Extraits d'un avant-projet pour Amsterdam Global Village, Johan van der Keuken.

"Cinéma direct : la vérité de notre propre corps au milieu de ce qui est mis en mouvement autour de nous. Le direct au cinéma : le corps et la caméra se confondent le temps de la prise de vue, tant qu'on est en phase avec l'imprévisible qu'on a soi-même déclenché.

C'est sur la base de cette idée de Cinéma direct que je veux faire un film qui soit à la fois la continuation et l'opposé de "Face Value".
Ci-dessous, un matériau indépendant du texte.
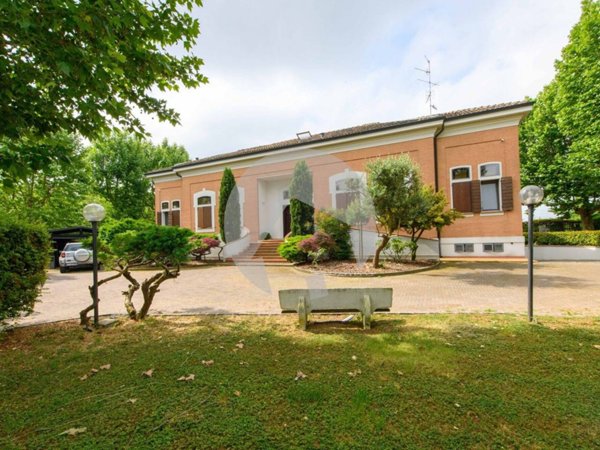 casa indipendente in vendita a Correggio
Un film qui abordera peut-être plus en profondeur les absurdités et les contradictions de notre époque. Un film dans lequel se côtoient par exemple : des gens qui fuient, un enfant qui perd sa mère, une mère qui perd son enfant - la jouissance des hommes qui vident le chargeur de leurs armes automatiques - un enfant qui fête son anniversaire, tout décontenancé devant la table chargée de cadeaux, il y en a trop - des éboueurs qui parcourent 35 kilomètres dans leur journée - un éboueur qui rentre chez lui en fin de journée ; a-t-il une femme ? Comment vivent-ils ? S'écroule-t-il de fatigue ? - un foyer d'immigrés en feu ; les gens qui regardent la famille turque que l'on tire hors de la fenêtre vers l'extérieur - un enfant que l'on pose dans son petit lit douillet - deux amoureux qui se caressent tendrement - un jeune néo-nazi qui s'explique avec sa mère ou qui écrit à sa mère de la prison où il est détenu pour avoir mis le feu à un foyer : par besoin de pureté, dit-il, tout est si pourri et confus - des Turcs qui foncent sur des Kurdes - ceux qui font l'amour et comment doit-on les filmer ? Le tout avec le sentiment de l'urgence".


"Aujourd'hui, j'ai de plus en plus le sentiment que ce n'est plus moi qui dirige le cadre, mais que j'ai simplement à suivre la caméra. Elle vole, et je vole derrière elle".

Extraits du livre Johan van der Keuken, Aventures d'un regard - Cahiers du Cinéma - 1998.